L’Union européenne, quant à elle, a présenté deux projets de directive en 2018. La première concerne une nouvelle règle d’imposition en fonction d’une «présence numérique significative», basée sur le nombre d’utilisateurs, la quantité de transactions ou le chiffre d’affaires. La seconde prévoit une taxe sur les services numériques (digital sales tax). L’Union européenne a d’ores et déjà annoncé que, faute d'un accord avec l'OCDE sur la réforme du système fiscal international d’ici à mi-2021, elle mettrait en œuvre son paquet fiscal. Enfin, un troisième groupe constitué par les pays en voie de développement s’intéresse également à la fiscalité du numérique: «Leur initiative est légitime, relève Xavier Oberson. Même si le cadre de l’OCDE se veut inclusif, ces pays se sentent mis à l’écart. En outre, les mesures prévues nécessitent une lourde infrastructure technologique pour les administrations fiscales.» L’ONU planche ainsi sur un modèle de double imposition introduisant une nouvelle forme de partage permettant aux États de taxer à la source les paiements aux sociétés numériques.

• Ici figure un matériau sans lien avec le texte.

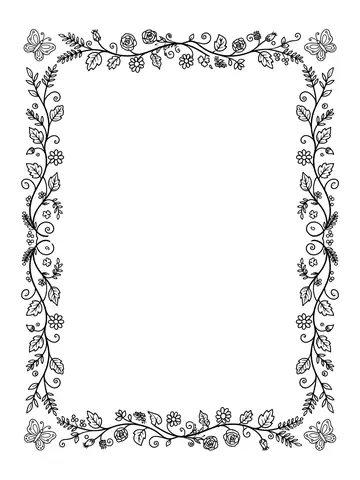 Desenho de versículo em moldura de flores sem texto para colorir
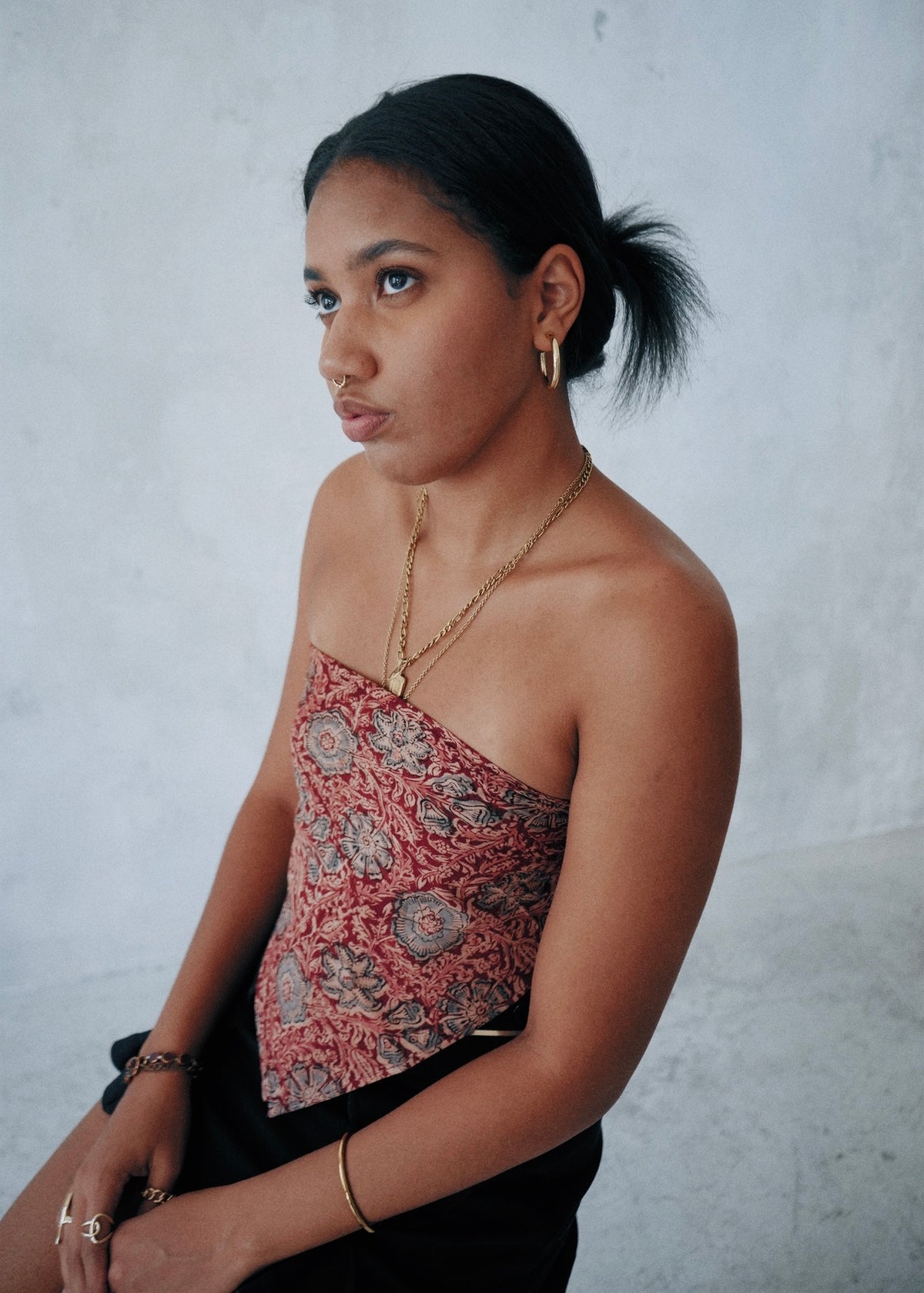 Crimson Blossom - Kalamkari Cotton Bandana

«Ces travaux ne sont que des projets, précise le professeur. Concrètement, aucune norme n’est encore entrée en vigueur. C’est pourquoi certains États ont commencé à introduire des taxes unilatérales sur les services digitaux, comme l’Inde, Israël, ou la Slovaquie. La multiplication de ces taxes pourrait créer une sorte de chaos international, avec des impositions multiples frappant des chiffres d’affaires bruts.» Selon Xavier Oberson, ce problème d’équité ne peut que s’accentuer avec la pandémie, les entreprises gagnantes de la crise sanitaire étant justement celles qui sont actives dans le domaine, comme Zoom ou Amazon. «Il est clair que le système doit être réformé, constate le spécialiste. Il repose sur des piliers qui ont été mis en place il y a un siècle et qui ne sont absolument plus adaptés à l’économie actuelle. Cela étant, l’ampleur et la complexité des normes à venir pourraient bien s’avérer dissuasives en regard des bénéfices attendus. La taxation des sociétés est certes un impôt important, mais n’est de loin pas la source majeure des ressources fiscales pour les États.»